(Description of the task):
Exactly the lines from the one containing "CORHAD Hiasan Tengkorak" through the one containing "Bán nhà 5 tầng" in the listing below are to be copied, with the pictures left out.

(Supplied material):

★ ★ ★ ★ ★ ★ ★

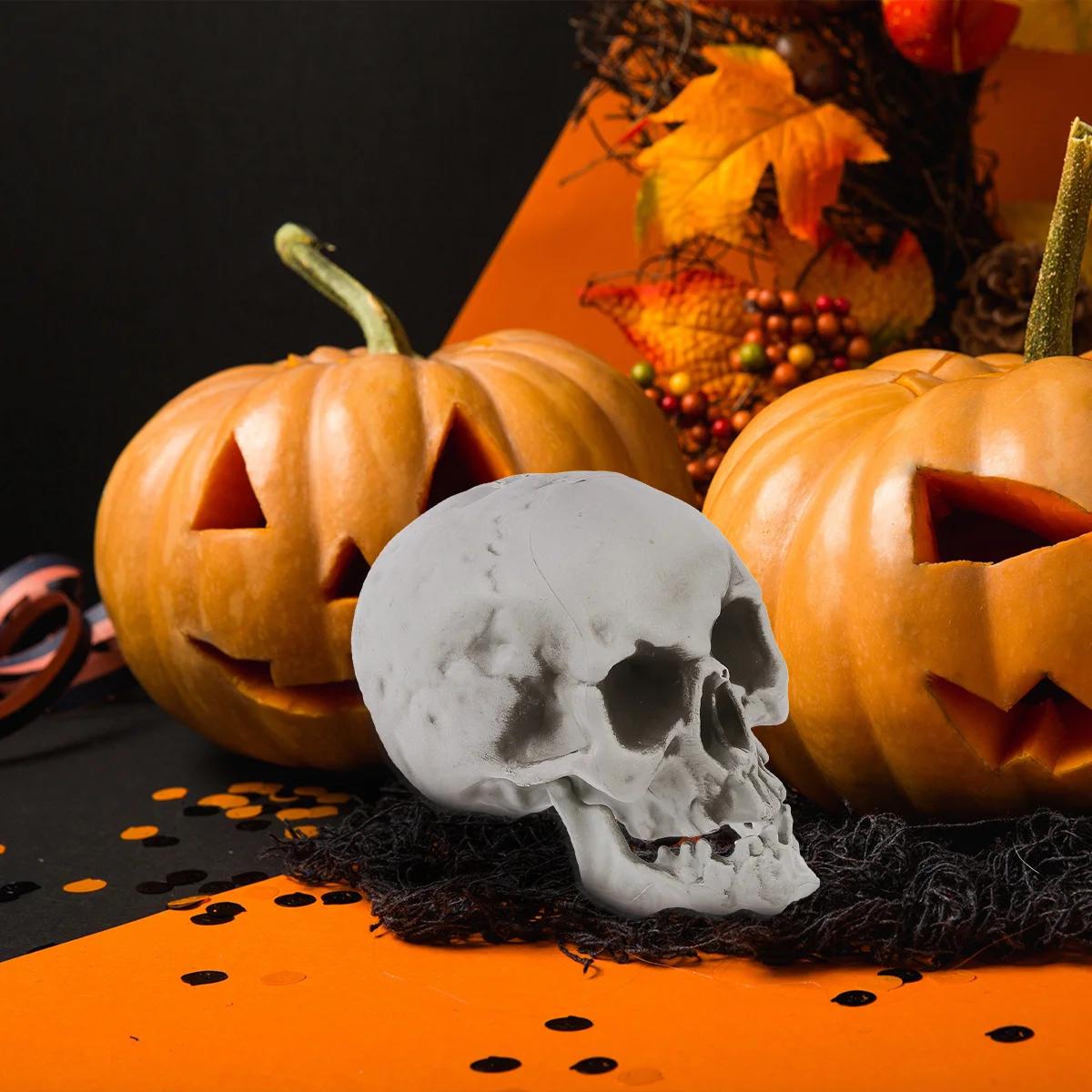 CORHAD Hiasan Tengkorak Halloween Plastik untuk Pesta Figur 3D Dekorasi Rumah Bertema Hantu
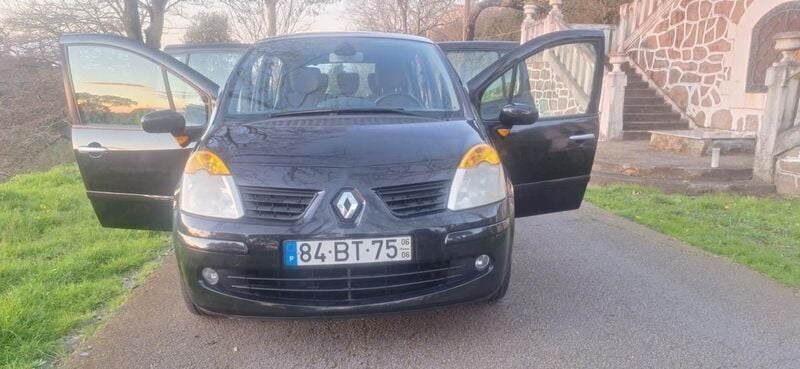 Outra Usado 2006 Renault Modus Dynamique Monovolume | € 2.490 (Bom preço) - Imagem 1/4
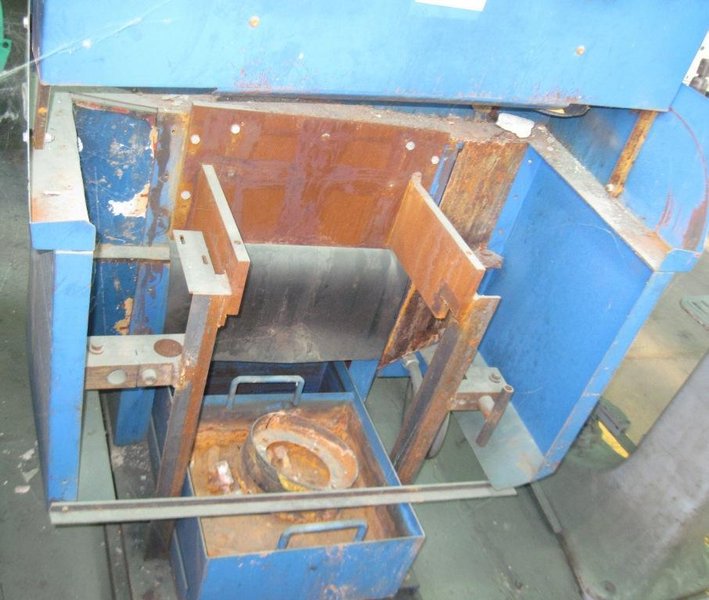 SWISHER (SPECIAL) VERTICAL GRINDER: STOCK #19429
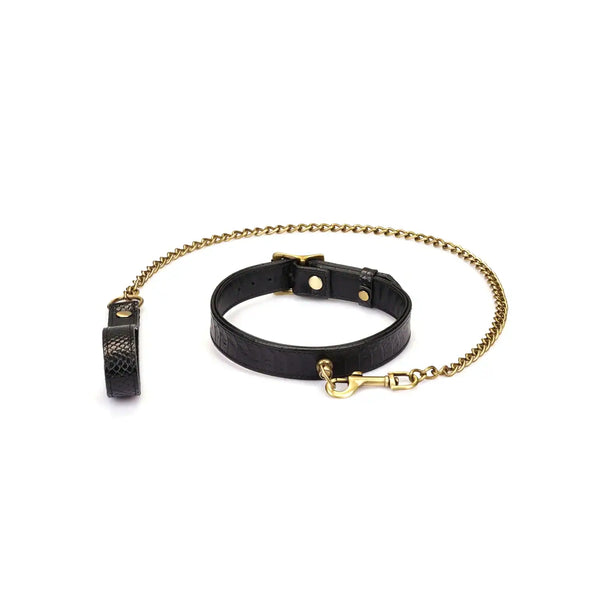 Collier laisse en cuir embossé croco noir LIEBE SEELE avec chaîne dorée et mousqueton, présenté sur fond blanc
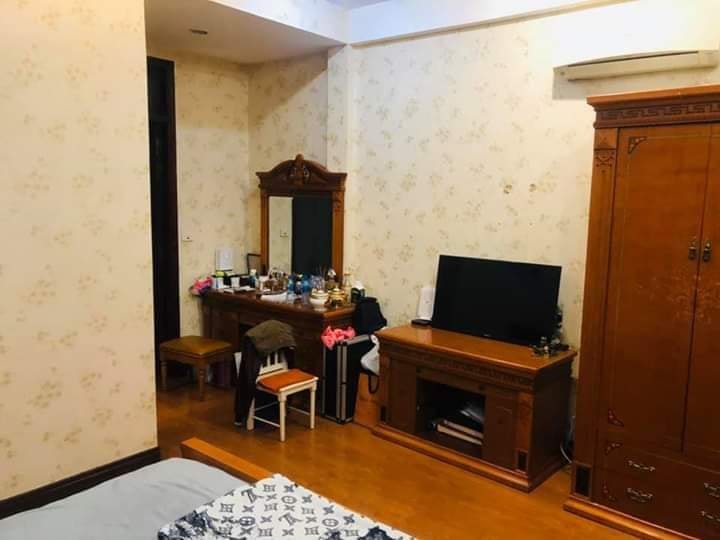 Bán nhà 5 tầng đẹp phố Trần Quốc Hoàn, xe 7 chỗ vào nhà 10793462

★ ★ ★ ★ ★ ★ ★

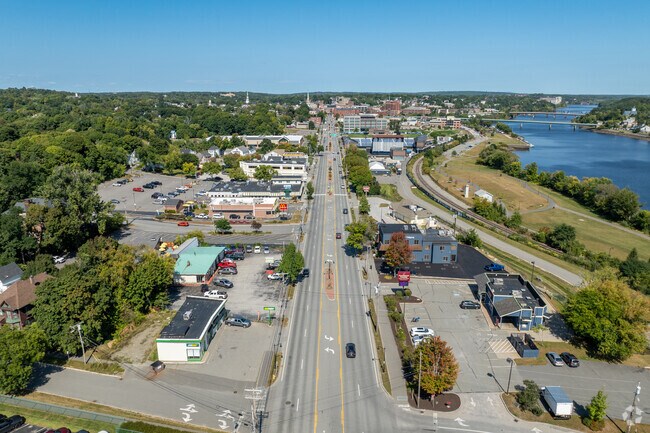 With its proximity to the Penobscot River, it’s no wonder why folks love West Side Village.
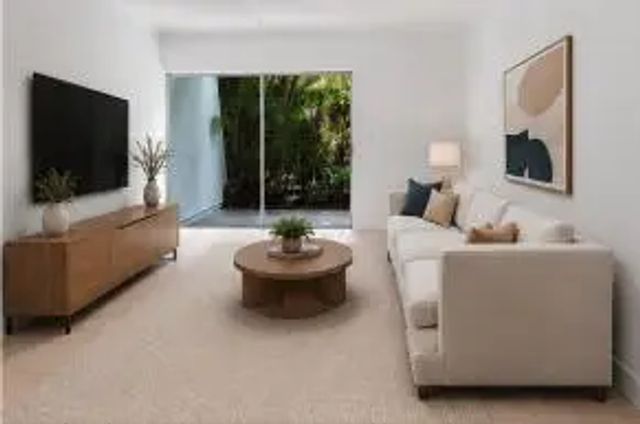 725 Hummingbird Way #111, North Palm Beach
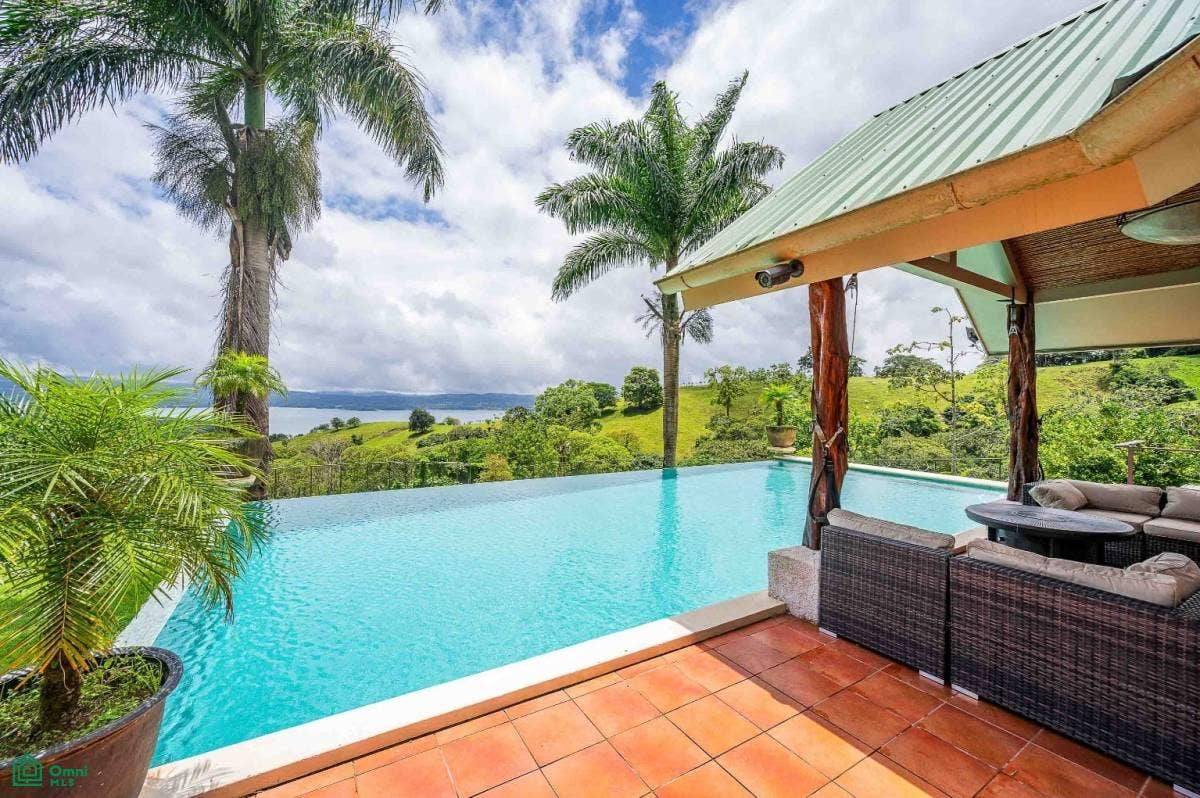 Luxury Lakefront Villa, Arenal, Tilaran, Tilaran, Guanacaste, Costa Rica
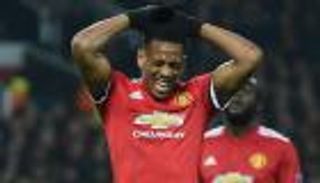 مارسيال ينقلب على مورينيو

★ ★ ★ ★ ★ ★ ★

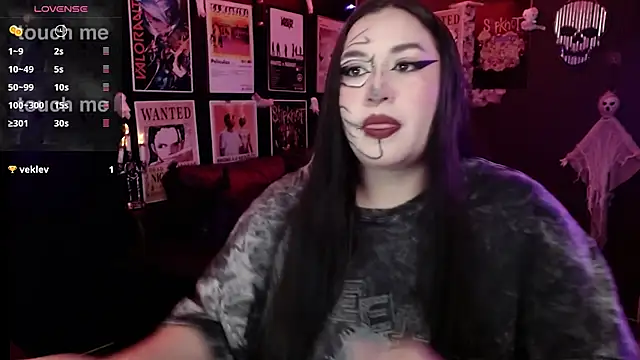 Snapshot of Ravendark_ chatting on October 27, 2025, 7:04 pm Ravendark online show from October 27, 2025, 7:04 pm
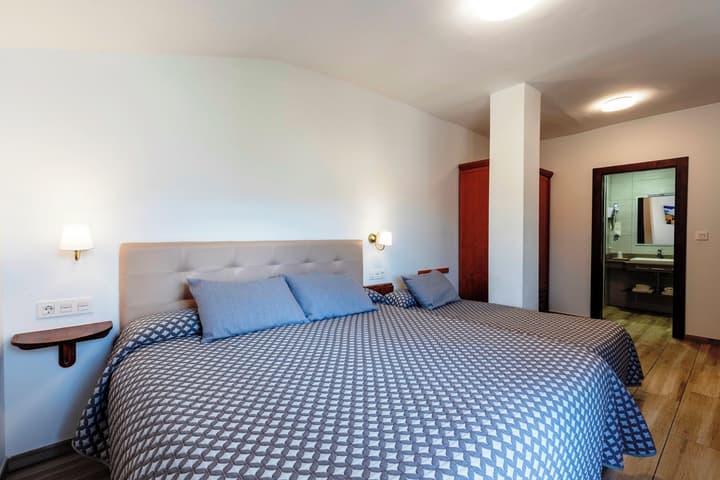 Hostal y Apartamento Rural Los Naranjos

★ ★ ★ ★ ★ ★ ★

(Reply):
 CORHAD Hiasan Tengkorak Halloween Plastik untuk Pesta Figur 3D Dekorasi Rumah Bertema Hantu
 Outra Usado 2006 Renault Modus Dynamique Monovolume | € 2.490 (Bom preço) - Imagem 1/4
 SWISHER (SPECIAL) VERTICAL GRINDER: STOCK #19429
 Collier laisse en cuir embossé croco noir LIEBE SEELE avec chaîne dorée et mousqueton, présenté sur fond blanc
 Bán nhà 5 tầng đẹp phố Trần Quốc Hoàn, xe 7 chỗ vào nhà 10793462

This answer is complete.